Top Issues / Platform

  • Homelessness Reduction: Point-in-Time Count showed homelessness decreased for second straight year in SB County (April 2026)
  • Healthcare Access: Chair of IEHP Governing Board; expanding access to 1.4M+ members
  • Transportation & Infrastructure: President of SCAG; board of OmniTrans, SBCTA, Ontario Airport Authority
  • Economic Development: Ontario Airport growth, logistics industry, regional job creation through SCAG and airport authority
  • Public Safety & Veterans: Partners with County Veteran Affairs for claims/resource events; serves as Lt. Colonel in CA State Guard[3]

Key Endorsements

  • Reform California (conservative advocacy group)[5]

Strengths

  • 12 years as county supervisor — deep institutional knowledge and relationships
  • Extensive regional leadership (SCAG President, IEHP Chair, Airport Authority Vice President)
  • State Assembly experience (6 years) provides legislative connections in Sacramento
  • Strong record of delivering for the district across transportation, healthcare, and economic development
  • Defeated competitive challengers before (Connie Leyva in 2022, Gloria Negrete McLeod in 2014)
  • Bipartisan recognition — two-time unanimous Chair of Board of Supervisors

Weaknesses

  • 12-year incumbent — vulnerable to "time for a change" messaging
  • Calls to secede from California ("Empire" movement) may alienate moderate voters
  • Campaign website appears dormant — may not be actively updating digital presence
  • Republican alignment in a district with growing Democratic registration
  • Warehousing and logistics focus may be criticized amid anti-warehouse sentiment
  • Has not faced a serious Democratic challenge since 2014 (Leyva in 2022 was underfunded)
Sources [1] Ballotpedia — Curt Hagman
[2] Wikipedia — Curt Hagman
[3] Official County Page — District 4
[4] San Bernardino County — Homelessness Update
[5] Hagman Campaign Instagram

Race Summary & Outlook

Incumbent Curt Hagman (12-year supervisor, former State Assemblymember) faces Democratic challenger Christina Gagnier (former school board member, attorney, education advocate). Hagman has deep institutional experience — he serves as SCAG President, IEHP Chair, Ontario Airport Authority Vice President, and has strong connections across the region. Gagnier is running as a reform candidate focused on economic diversification (beyond warehouses), anti-corruption, and civil rights.

  • Hagman's advantage: Name recognition, institutional support, and a track record of delivering for the district. He won outright in the 2022 primary with 56.9% against Connie Leyva. In a low-turnout primary, his established network gives him a strong edge.
  • Gagnier's opening: Democratic Party endorsement, growing Democratic registration in the district, and a reform message that could appeal to voters frustrated by warehouse proliferation and county governance. If she can consolidate Democratic voters and keep Hagman below 50%, she can force a November runoff.
  • Turnout factor: Low-turnout June primary typically favors the well-known incumbent.
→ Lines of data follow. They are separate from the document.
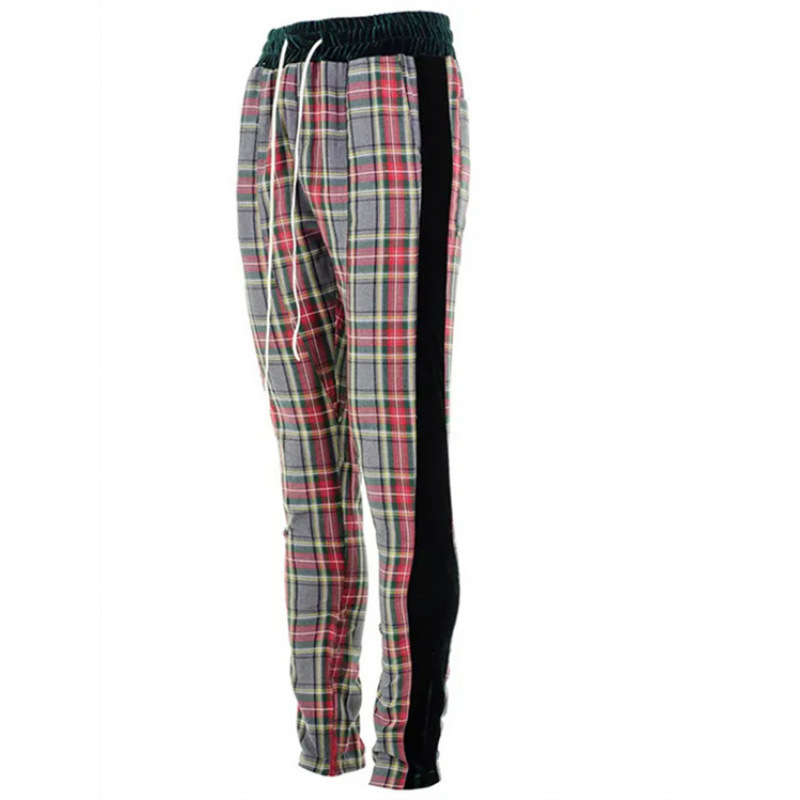 Transfrontaliere 2025 primăvara și toamna hip-hop pantaloni Suglange fermoar slim-fit pantaloni casual bărbați cu talie elastană la modă bărbați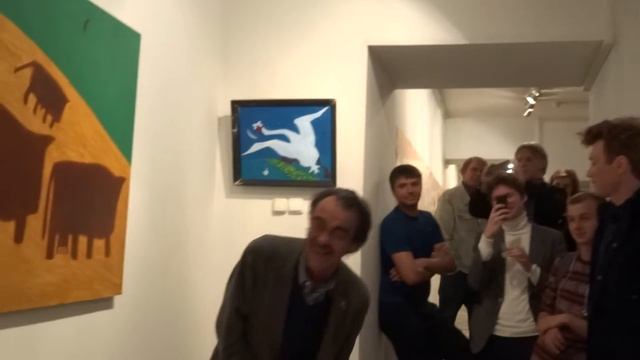 Открытие выставки В. Гуцевича и О.Котельникова смотреть онлайн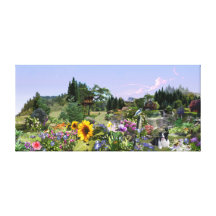 Country Real Estate Canvas Print
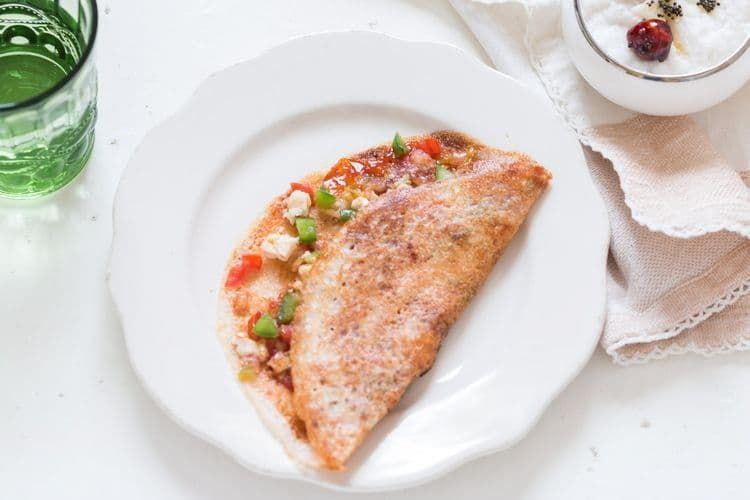 Moong Paneer Dosa available at Demo through DeskDrop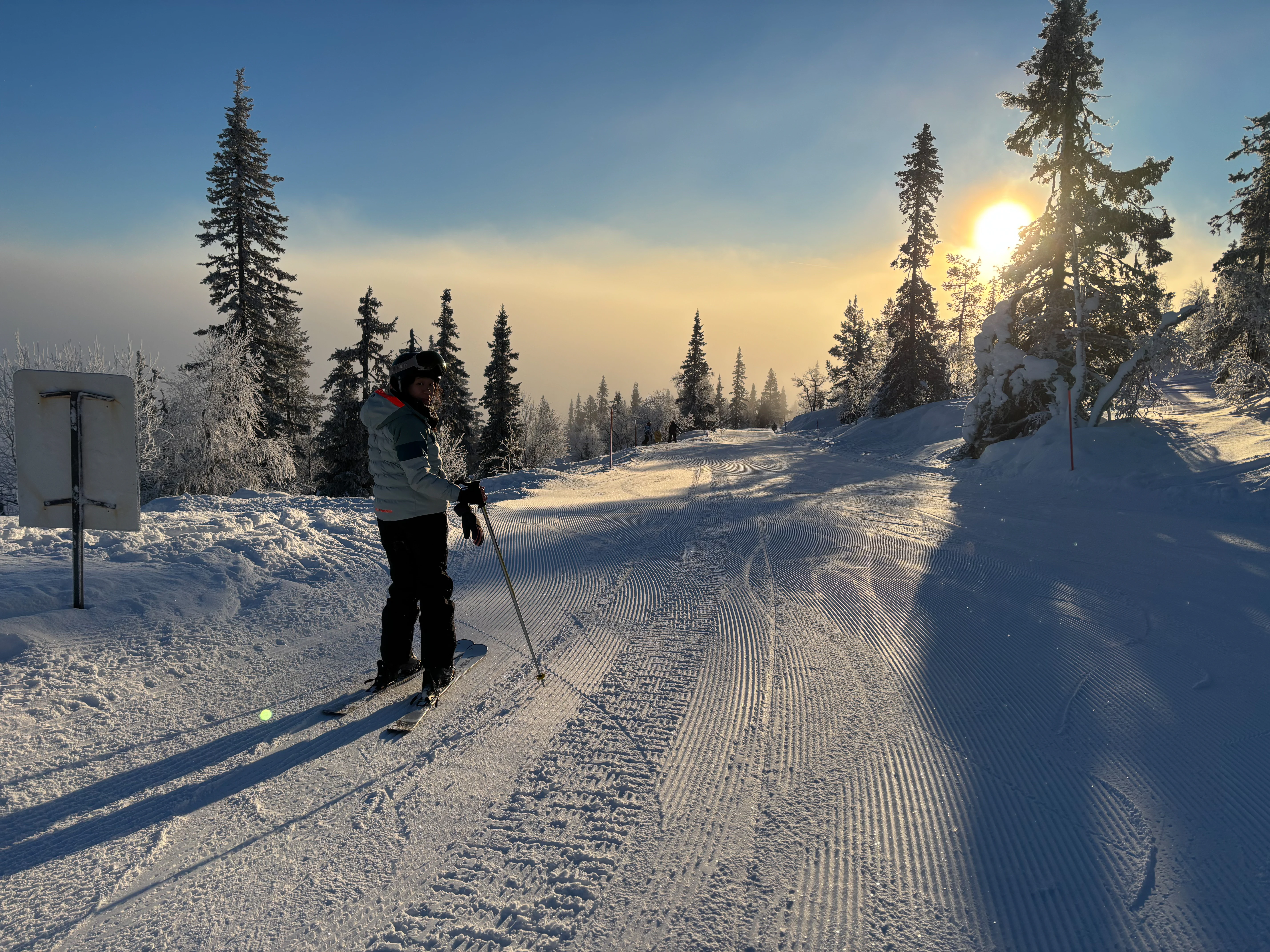 Our first Blue run, Ÿllas, Finland — photo by Orlando Prugel-Bennett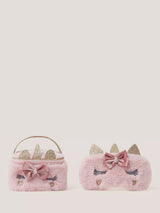John Lewis Monsoon Kids' Unicorn Sleep Mask and Vanity Case, Pink- Buy online at McGrocer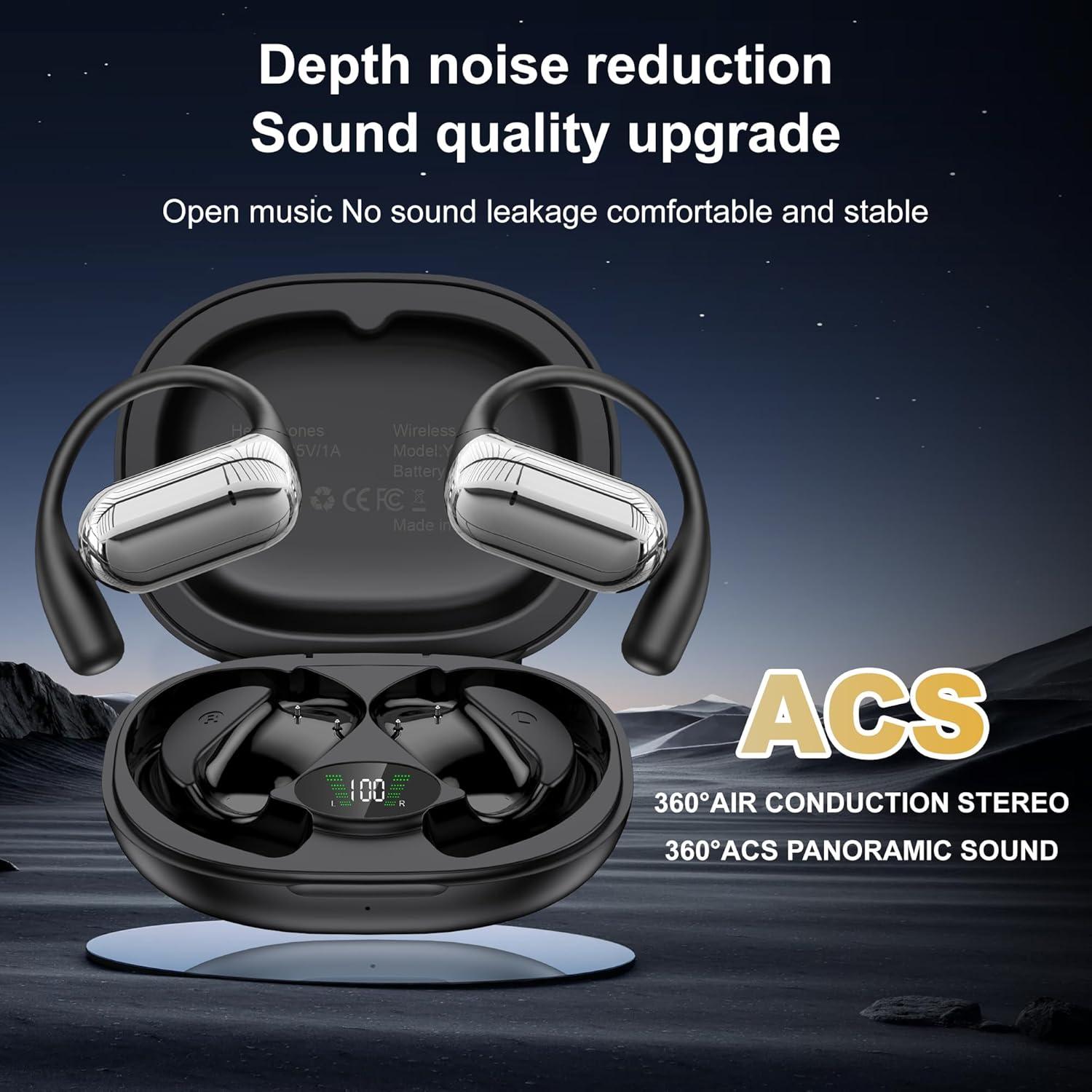 AI Language Translator Earbuds,OWS 3 in 1 Translation Earbuds Real Time 150 Languages& Accents&10 Language Offline Pack,Black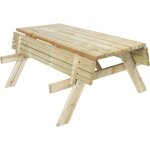 Table pique - nique bancs pliables 200 bois traité gardiun 198x154x74 cm 42 mm 6 - 8 personnes Table pique - nique bancs pliables 200 bois traité gardiun 198x154x74 cm 42 mm 6 - 8 personnes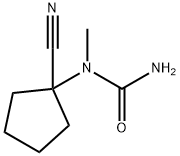 Urea, N-(1-cyanocyclopentyl)-N-methyl- (9CI) 구조식 이미지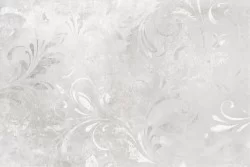 Wallpaper with stylized leaves on a vintage marble surface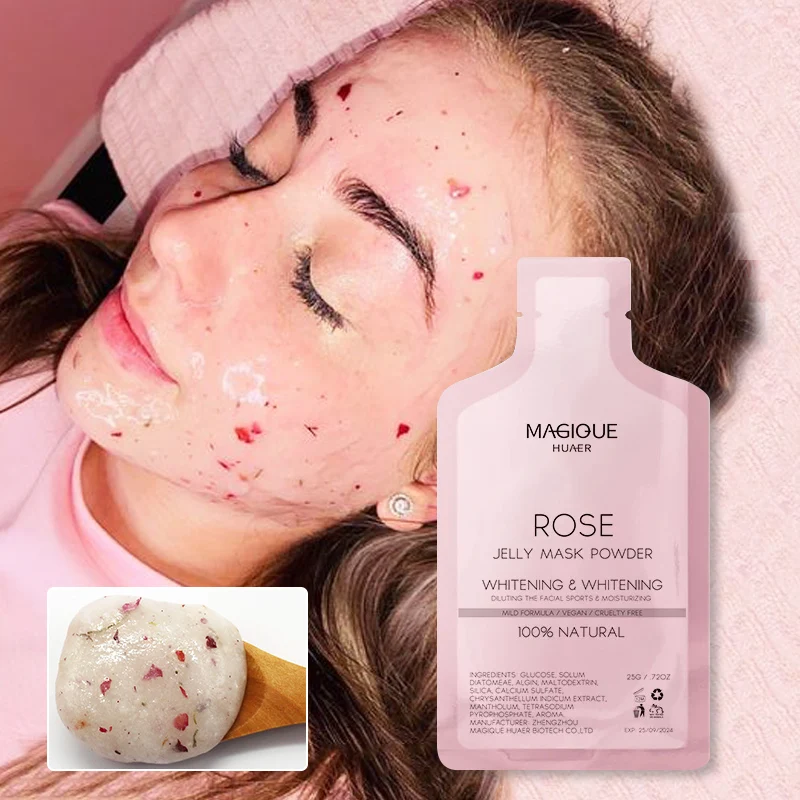 Wholesale MINI SIZE Rose Powder Face Peel Off Mask Beauty Hydrojellymask Organic Face & Body Collagen Powder Jelly Face Mask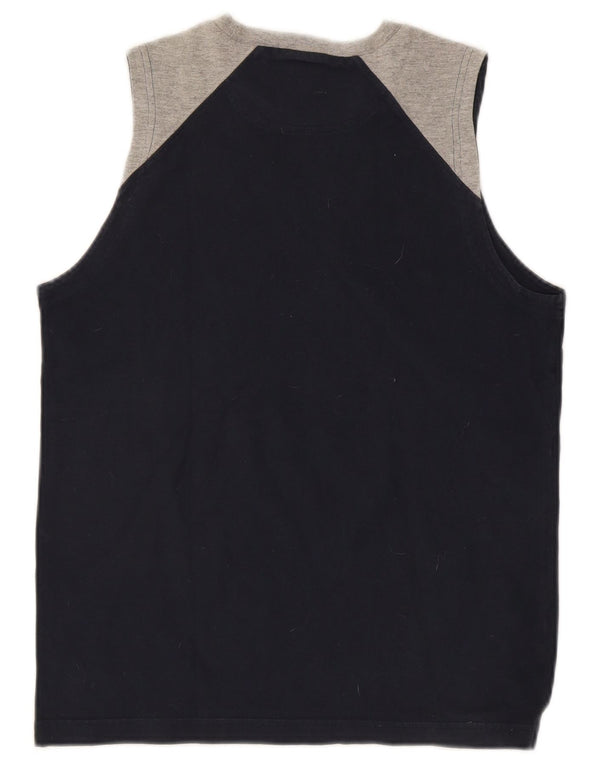 Champion Débardeur Graphique Homme Petit Bleu Marine Colorblock Coton
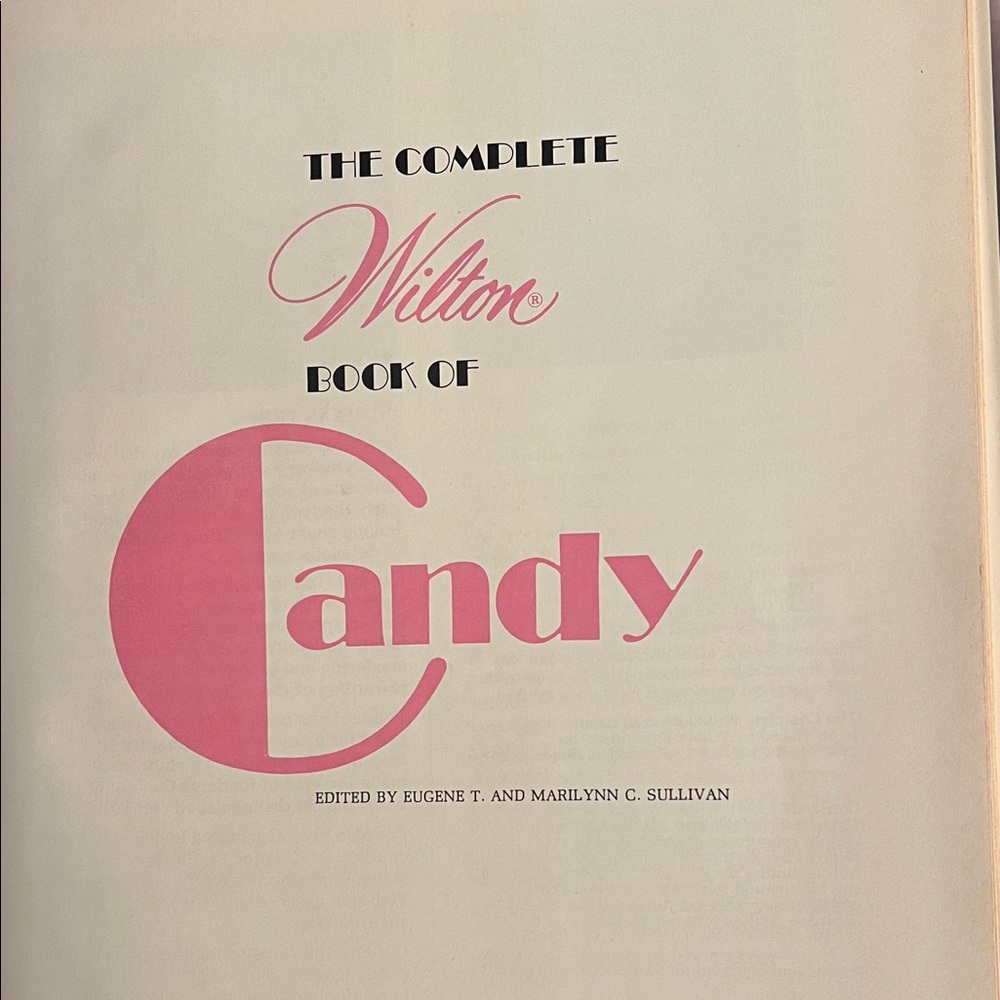 The complete Wilson hardcover book of candy, vintage, 1983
Higher Democratic turnout in November could shift the dynamics in a runoff.
  • Key question: Can Gagnier's coalition of Democrats, education advocates, and reform-minded voters keep Hagman under 50%? Or will Hagman's deep institutional ties and low-primary turnout deliver another outright primary win?

Likely outcome: Hagman wins outright in the primary, or finishes first and wins easily in November. Gagnier's best hope is keeping Hagman below 50% in the primary and hoping higher Democratic turnout in November changes the dynamics.